- [Exercise material]

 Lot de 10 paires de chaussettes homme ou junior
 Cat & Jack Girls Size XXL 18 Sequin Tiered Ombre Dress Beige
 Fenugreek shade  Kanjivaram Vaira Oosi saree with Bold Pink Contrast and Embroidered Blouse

* * *

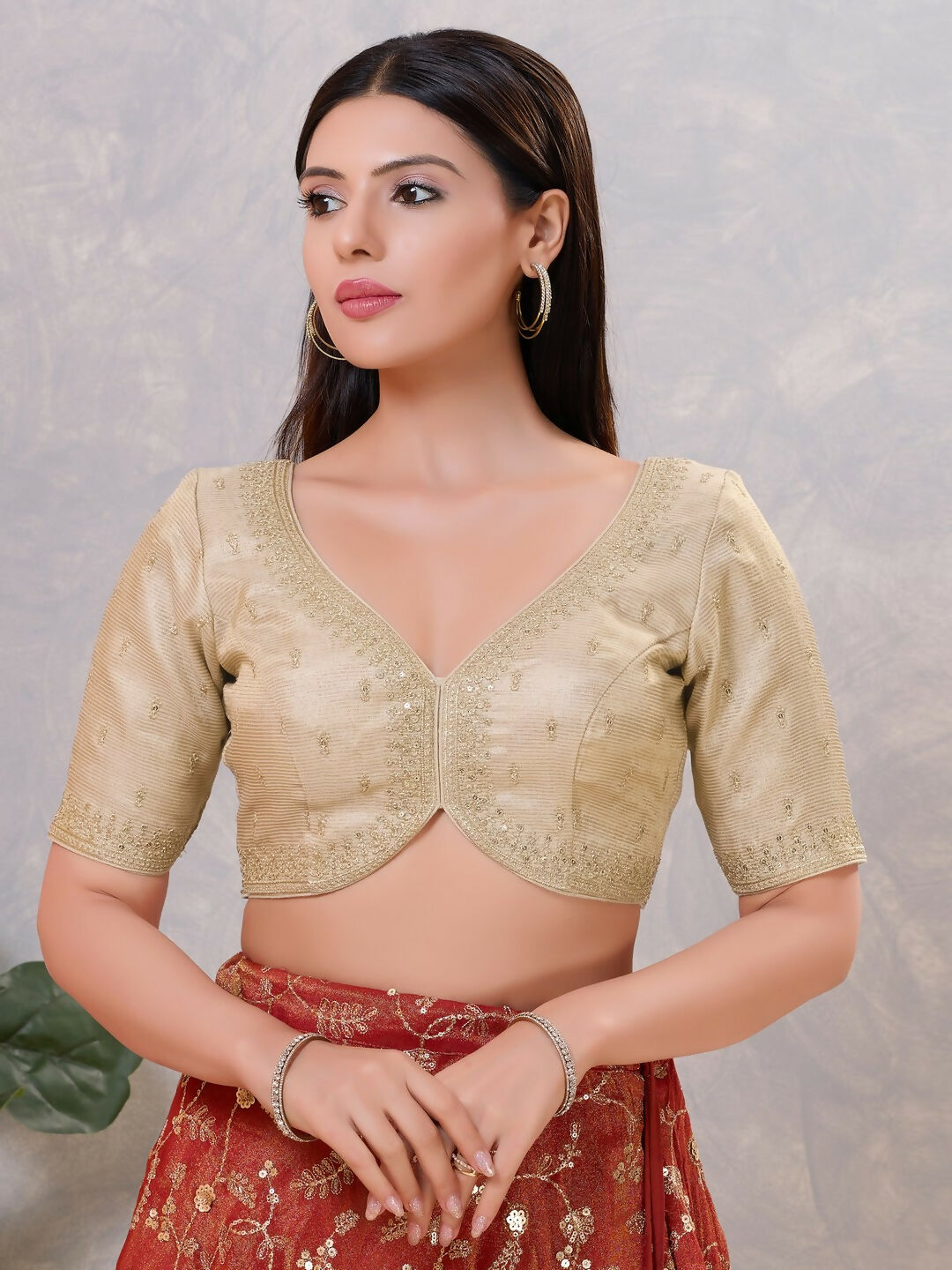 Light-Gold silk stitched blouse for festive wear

- [What this task involves] After locating the line with "Cat & Jack Girls" above, return that line and every later line through the one with "and Embroidered Blouse", word for word and with nothing else.

- [Written answer]
 Cat & Jack Girls Size XXL 18 Sequin Tiered Ombre Dress Beige
 Fenugreek shade  Kanjivaram Vaira Oosi saree with Bold Pink Contrast and Embroidered Blouse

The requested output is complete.